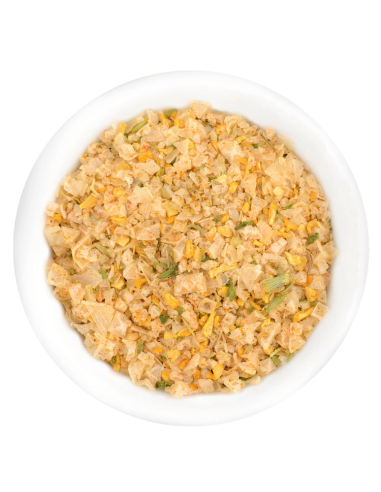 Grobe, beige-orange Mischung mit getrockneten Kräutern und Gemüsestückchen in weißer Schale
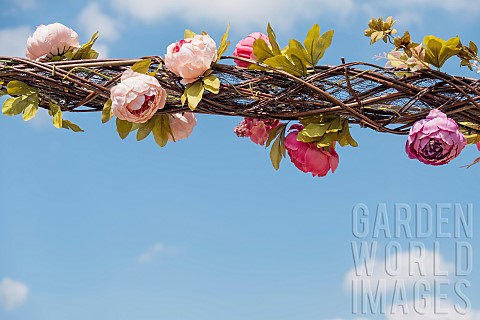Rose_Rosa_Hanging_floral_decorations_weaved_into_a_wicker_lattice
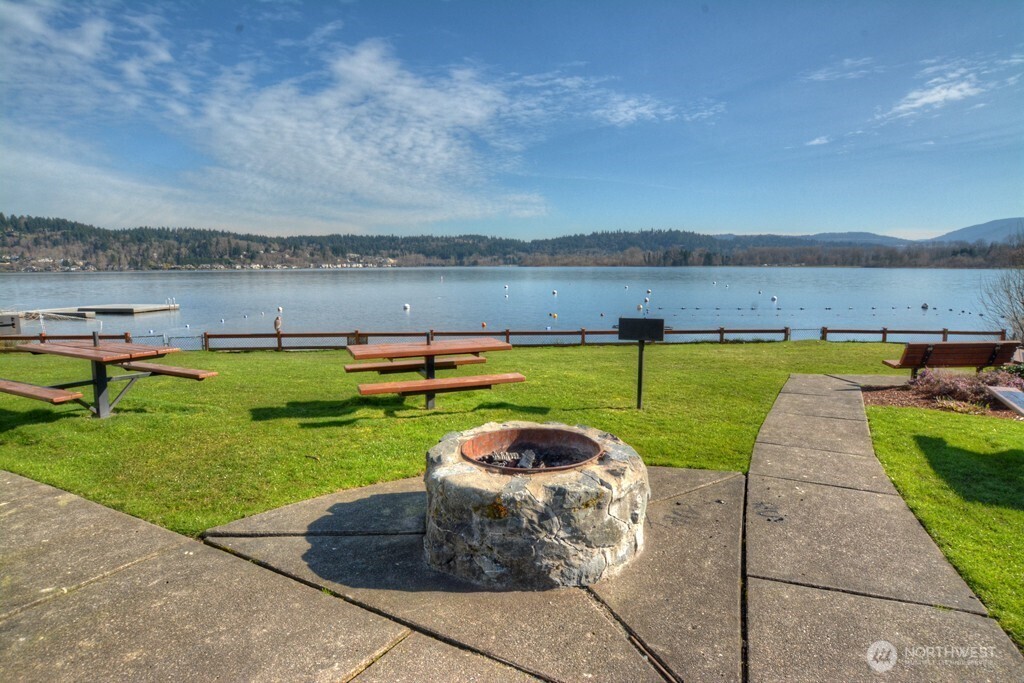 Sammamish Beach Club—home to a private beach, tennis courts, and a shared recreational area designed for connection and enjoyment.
========================================
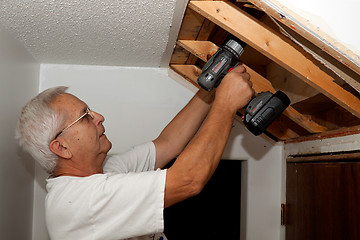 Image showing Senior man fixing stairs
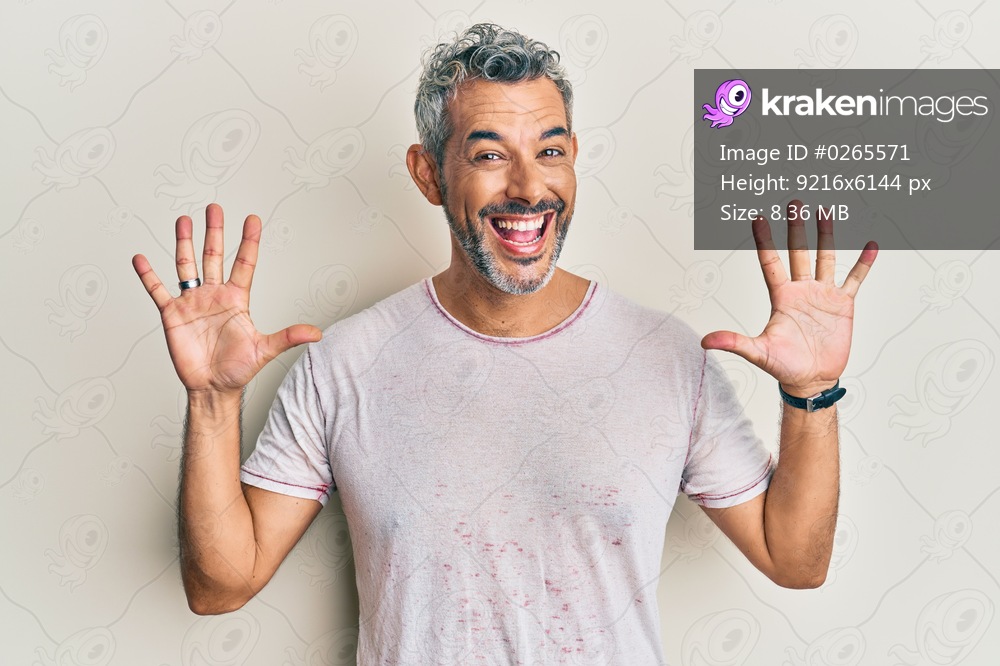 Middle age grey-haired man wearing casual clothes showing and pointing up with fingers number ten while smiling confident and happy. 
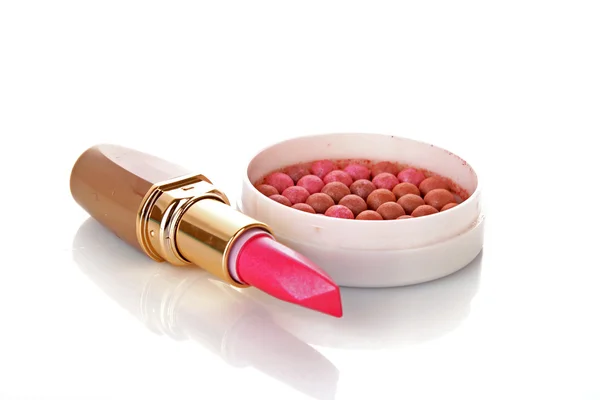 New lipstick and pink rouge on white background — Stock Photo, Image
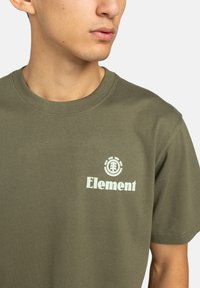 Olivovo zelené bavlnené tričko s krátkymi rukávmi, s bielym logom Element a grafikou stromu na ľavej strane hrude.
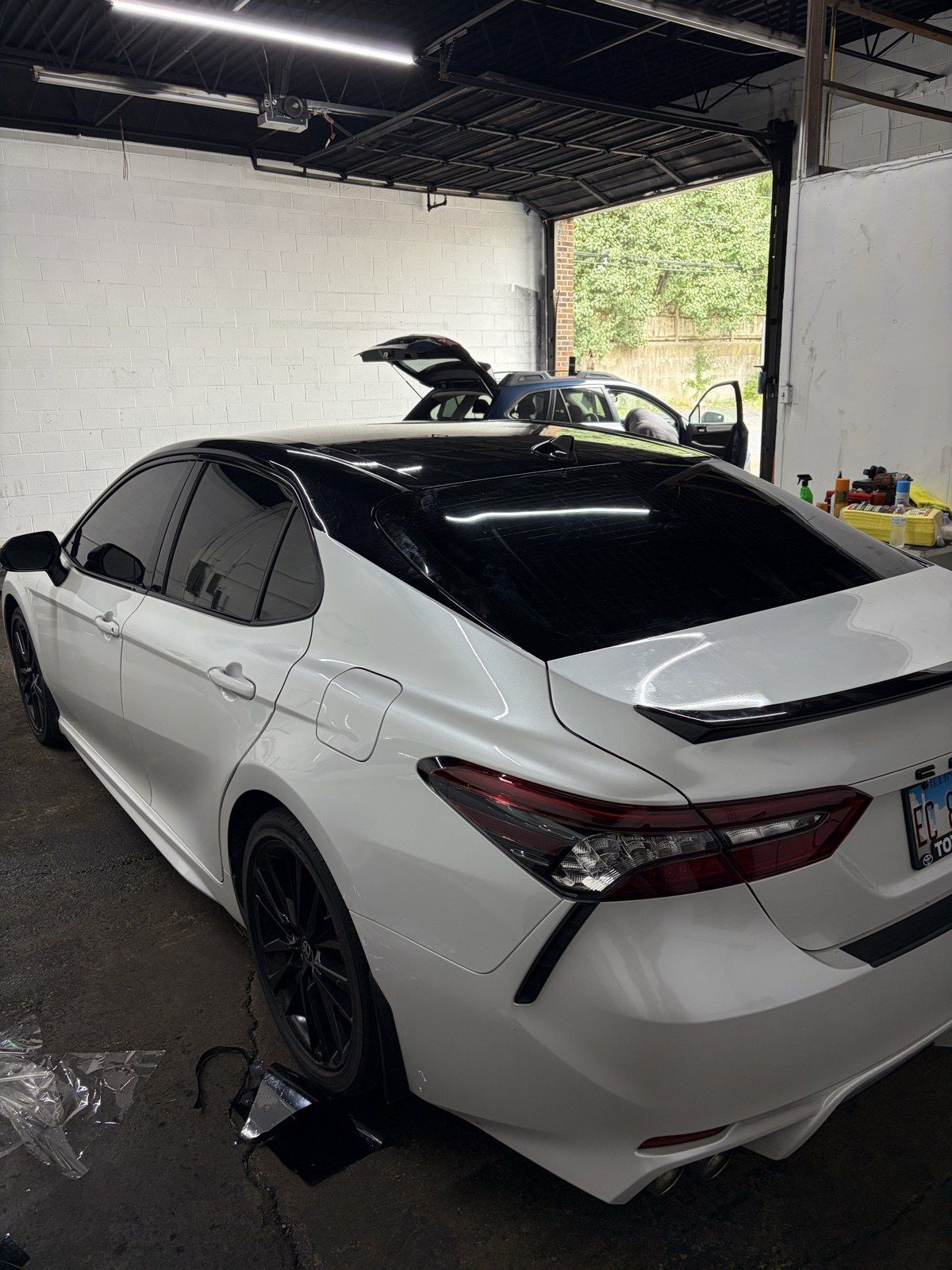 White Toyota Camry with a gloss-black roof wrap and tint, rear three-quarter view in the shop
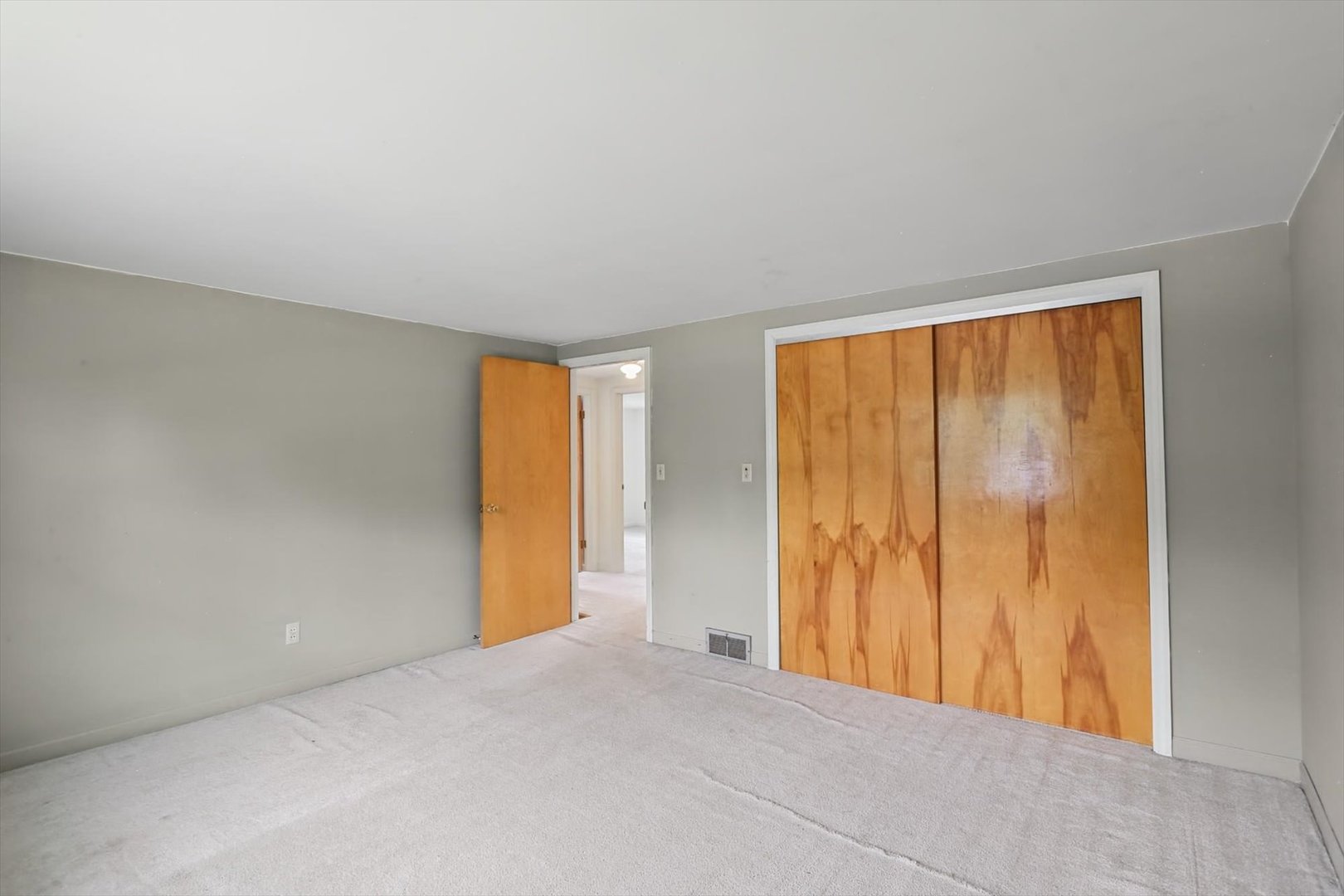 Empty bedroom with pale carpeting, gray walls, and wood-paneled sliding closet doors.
========================================
> _Task requirements_: Write out word for word the lines above that run from the one with "New lipstick and" to the one with "Empty bedroom with". Include both end lines; exclude the images.

> _Expected answer_:
 New lipstick and pink rouge on white background — Stock Photo, Image
 Olivovo zelené bavlnené tričko s krátkymi rukávmi, s bielym logom Element a grafikou stromu na ľavej strane hrude.
 White Toyota Camry with a gloss-black roof wrap and tint, rear three-quarter view in the shop
 Empty bedroom with pale carpeting, gray walls, and wood-paneled sliding closet doors.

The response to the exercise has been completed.